The K-V Structure of TiDB

Note:
This topic has been translated from a Chinese forum by GPT and might contain errors.

Original topic: tidb的k-v结构

| username: liul

The way K-V is generated in TiDB

In TiDB, data is ultimately stored in TiKV (with RocksDB at the bottom layer). Therefore, we need to understand the implementation of KV during storage.

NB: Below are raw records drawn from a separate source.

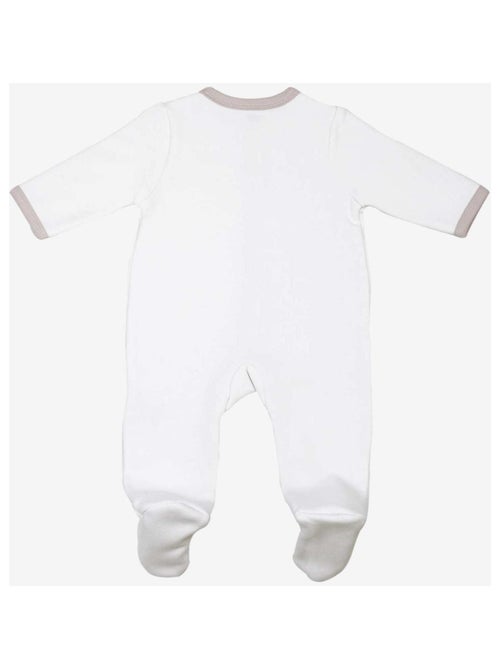 Tutina in pile Piccolo come un bimbo - Kiabi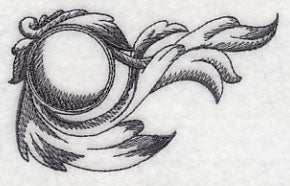 Essonne Baroque Flourish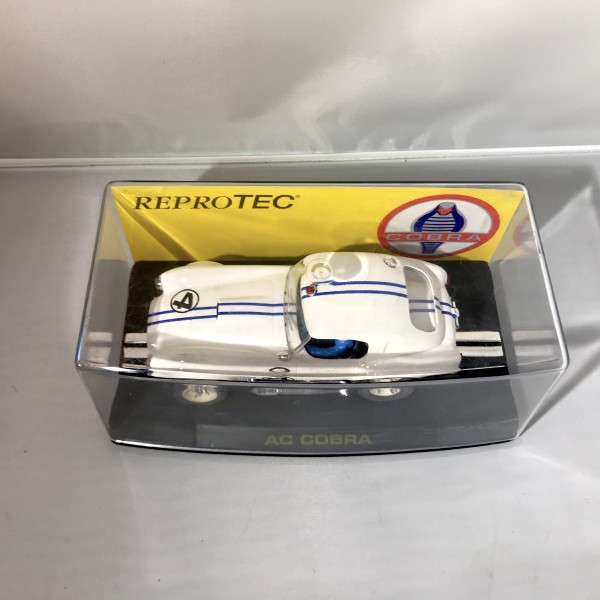 AC Cobra Coupe 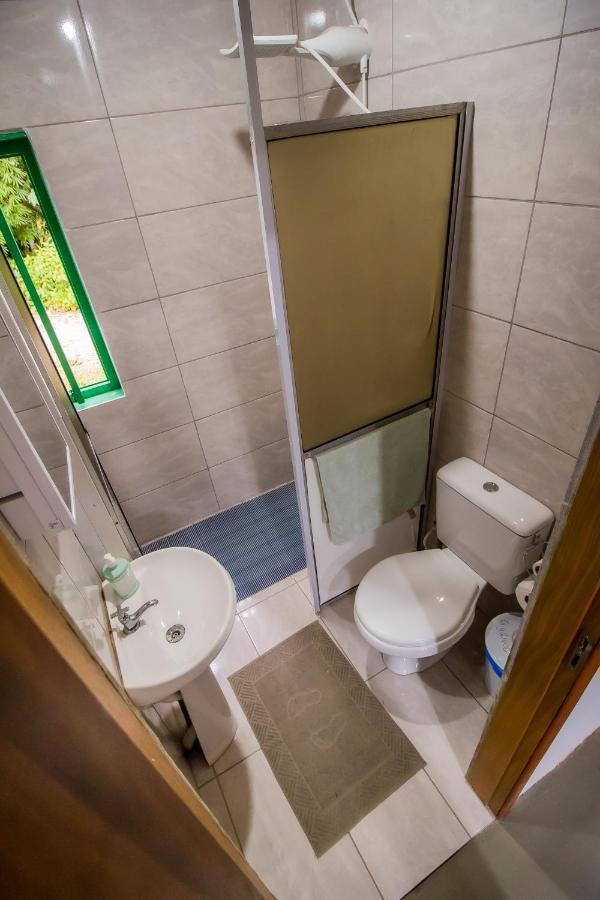 Willa Casa Do Tesouro Joinville Zewnętrze zdjęcie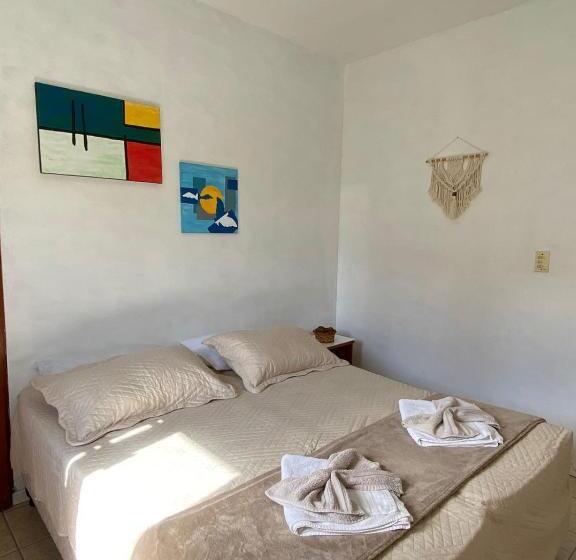 펜션 Villa Rupestre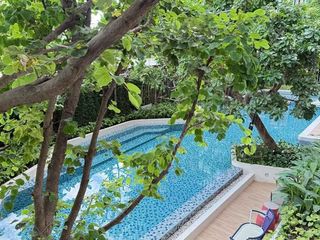 For rent 1 bed condo in Mueang Phuket, Phuket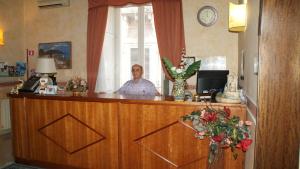 Hosté ubytování Hotel Gresi
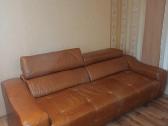 Odinė Magrės sofa - nuotraukos Nr. 2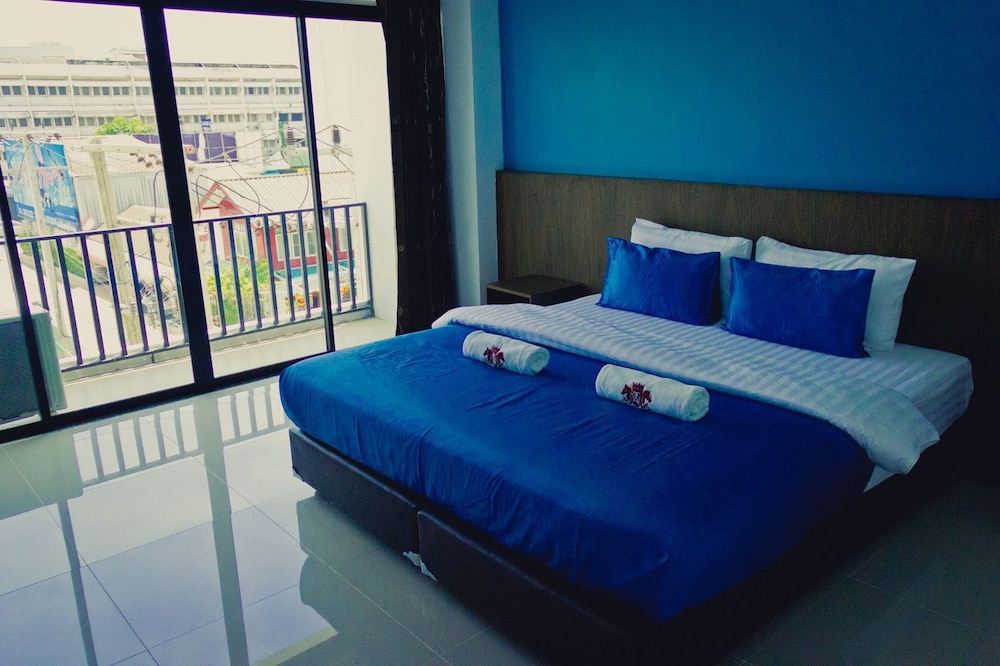 Chada Veranda Hotel 15/56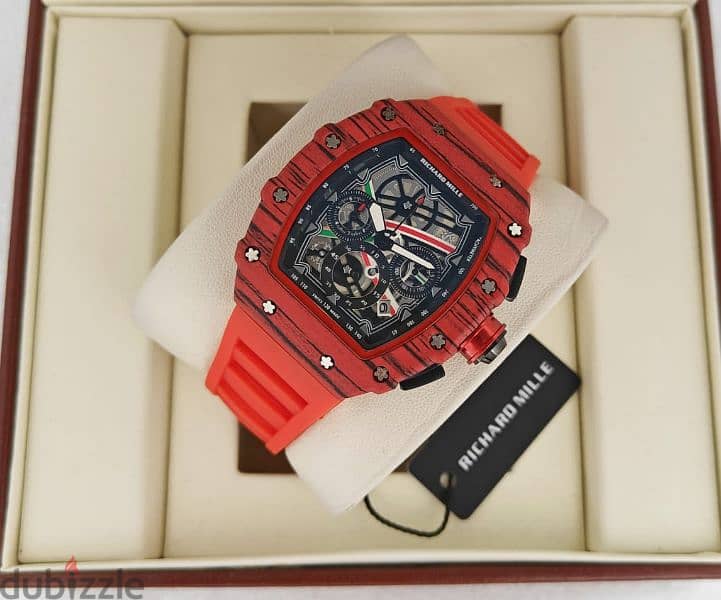 Richard Mille Watches 2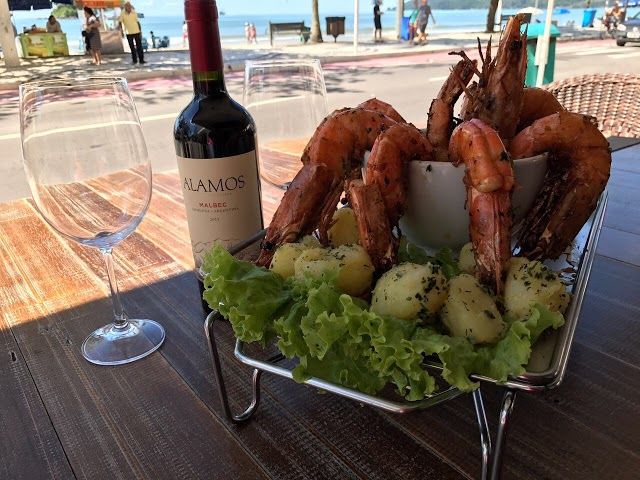 Restaurante Telhadao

There are several main types of K-V:

Creating a table

The key structure of the table, refer to EncodeTablePrefix

Key length is 9

The unique table ID generated earlier is processed by adding a ‘t’ in front. The unique ID generation function: assignTableID

Composition: ttableid

Code:


K-V formed by inserting data into the table

Key: tablePrefix{tableID}_recordPrefixSep{rowID}

Byte 1 2-9 10-11 12-19
value t tableid _r rowid

Value: [col1, col2, col3, col4]

Key is divided into two parts: tableid and rowid repair value

Code:
image
image


Debug verification as shown in the figure

Index K-V

There are two types of indexes:

Unique index

Key: tablePrefix{tableID}_indexPrefixSep{indexID}_indexedColumnsValue

Value: rowID

Non-unique index

Based on specific analysis, the composition of the key can be derived as follows

Key: tablePrefix{tableID}_indexPrefixSep{indexID}_indexedColumnsValue_rowID

byte 1 2-9 10-11 12-19 20 21-28 29 30-37
value t tableid _i indexID ValueType indexvalue valueFlag rowid

Value: null

Code debug verification


Explanation:

116: ‘t’ tablePrefix

128,0,0,0,0,0,0,107: table id, this table id is 107, 128 is an unsigned conversion

Reference: EncodeIntToCmpUint function uint64(v) ^ 0x8000000000000000

95,105: ‘_i’ indexPrefixSep

128,0,0,0,0,0,0,1: indexID

3: value type

128,0,0,0,0,0,0,2: value

3: rowid type intFlag

128,0,0,0,0,1,95,146: rowid

Partition index

Key: tablePrefix{partitionID}_indexPrefixSep{indexID}_indexedColumnsValue

Value: rowID

Regarding data storage: Data is stored according to the datum type during storage.

Let’s illustrate with an example:

create table t4(c1 varchar(20), c2 int, c3 double, c4 float);

insert into t4 values(‘hello’, 1, 1.2345, 6.7890);

When we insert data, the corresponding four columns of data are converted from their original types to storage types. The results before and after conversion are shown in the figure:




The specific representation of the converted data types is shown in the figure below:

This is my first time posting such a technical content, I hope everyone can give me more guidance.

| username: 裤衩儿飞上天 | Original post link

:+1: :+1: :+1:

| username: cassblanca | Original post link

I’ve learned a lot.

| username: Kongdom | Original post link

:call_me_hand: :call_me_hand: :call_me_hand:

| username: zhanggame1 | Original post link

Learned.

| username: Jellybean | Original post link

Source code analysis, this is a very good technical sharing, thumbs up.